The Irony of Life, to Judge or not to Judge !

I tell you life is so Ironic sometimes. I found this article in one of my women's magazines that was all about judgement. How we judge each other. Skinny or fat. It really hit home for me so I passed it on to my Hospital support  coordinator ( and Friend). We decided to do a support group meeting about it. The topic to be discussed: We sometimes think that when we loose weight and get healthy, and become what everyone always wanted us to be, the judging and harsh treatment will or should  cease to exist.
                                                                      HA! YES, HA!

It has been my experience , That couldn't be further from the truth of it.
OK ,so because I put myself out there and I share personal information with any stranger who asks, I'm in the public eye a bit here locally, and I make video's, face book stuff etc....I'm a little bit more open to criticism but the everyday waitress who makes a comment like "oh I  suppose YOU don't want dessert," or "Oh go ahead honey eat the bread, you could use it", Or rolls their eyes when you ask for dressing on the side, Is all judgement .That's just the tip of the iceberg. I've become accustom to those little digs , not that I should HAVE to but let's face it, we have to pick our battles. When I was recently called a " FAKE C*NT" on my you tube channel and told that I should have done it the Old Fashion way with dieting and exercise( oh why didn't I think of that!) and that I didn't deserve to be skinny, I laughed ( and emailed the idiot saying thank
you for calling me skinny LOL).I realized,  the judging is never going to end. This same person probably would have called me a fat so and so if it was pre-surgery at 275 pounds. I really understand where it comes from, Now 2 years later. .His own self  hate and distaste with where he is in life leads him to be bitter and full of hate. It literally has NOTHING to do with me.
       I saw on his channel he is  1- Openly Gay ( I love my gays, my sister is gay for goodness sake but let's face it, there are some who struggle with this in life  and become bitter) 2- He suffers from HS ( the very same condition I too had pre surgery and I KNOW THIS COMMUNITY TO BE VERY NASTY AND BITTER, they suffer extreme pain all day everyday and are very negative. ) 3- All his channel comments were nasty and bitter so I wasn't the only one. Lucky Me.

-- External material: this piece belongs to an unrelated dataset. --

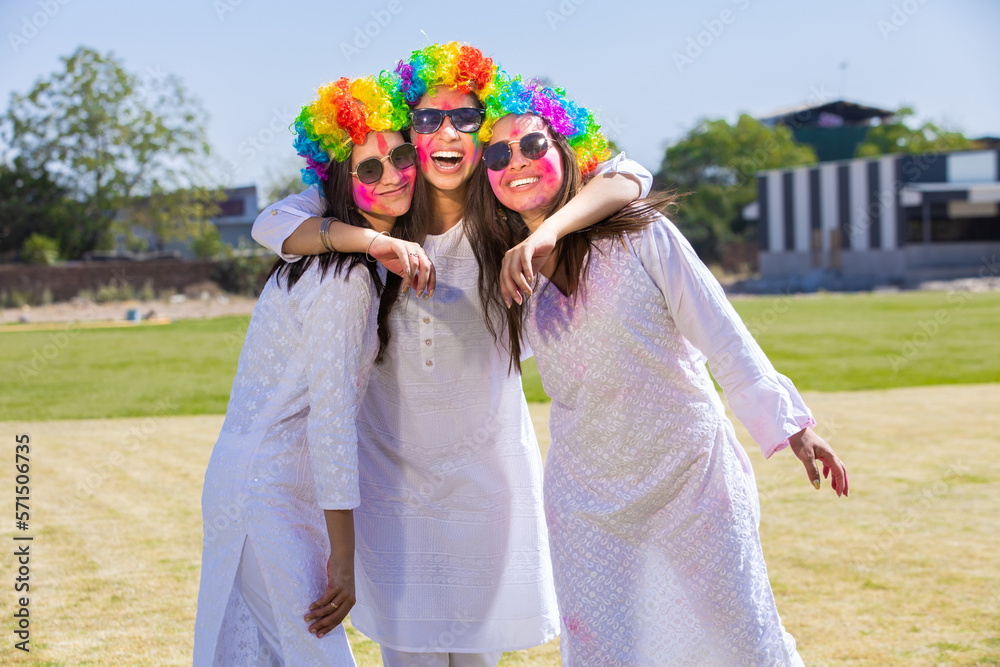 Group of happy young indian friends wearing white kurta and colorful hair wigs celebrating holi festival outdoor at park.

It took me two solid years to understand other people's judgements are about them, NOT ME .
A lot of what we perceive now  is also influenced very early in life. Our pre judgements come from imagery we experience through books, movies and personal observations.  When I was heavy, I was safe. I was relate able . I was the " fluffy fairy god mother"  type ( Thanks Disney for that by the way ), Now I'm the "skinny fingered wicked step mother" type ( Once again THANKS Disney). The irony is , The fluffy fairy God mother was angry, bitter and hated most everyone and doing anything . The skinny fingered step mother is positive, loves talking to people, is more involved in her community and has goals. Wants to encourage and excite others about life.  So there DISNEY. All middle aged skinny women are not mean nasty bitches .Who ever thought I'd have to defend THAT group of people, but seriously not all middle aged over weight women are fluffy, happy, nurturing types either , TRUST ME!

Why do we judge? I have to say, I try super hard not to judge right off the bat. I love to people watch. I love to experience the visual display of colors, imagery ,styles, ( lets face it handbags and shoes Too LOL) I wonder, where have they been? where are they going? what have they learned ?what do they do ? Very much like  looking at art in  a museum. What was the artist thinking, feeling, what was life like then, etc. I love theme parks, just to sit and watch. I don't like nor do I snark rude comments about anyone. I'm generally telling my husband " oh I wish I had her Butt , or Her hair,"
I've been every size from 24 to 2 so I'm the last person to judge on that criteria alone, trust me, how ever, I'm human. A girl with her butt crack hanging out is gonna cause a slight judgemental reaction in  my frontal lobe but then I think "WOW good for her" , she's  confident!  she's working it, then the stylist in me thinks" I wish I could just "shush" it up for her a bit." ( yeah is that a word? It is Now ) .

Will judging ever stop? Of course not. But we need to empower ( Ironic- the you tube guys name was empowered something ...)  ourselves and then young girls to realize that as long as we like our selves ( in the words of Bernie Mac) screw  what everybody else thinks. Sorry keeping it real people.

At the end of the day, as my mother would say," If you can lay your head on your pillow and feel like your doing all you can,  That you are a good person, then that's all that matters". Not what other people think of you. But does that mean then, if you judge other people and you don't think it's wrong ,then it's not? So maybe the real ANSWER is INSIDE US. Judge all you want. I am who I am and at the end of the day, that's all that I can focus on . I want to be a good, supportive, non judgemental person. I want to be kind uplifting and Happy. I guess that's all we really have control over. Life is truly IRONIC. We fight to change ourselves partially  to stop the judgements and we end up with all kinds of new judgements and judging ourselves. Ironic.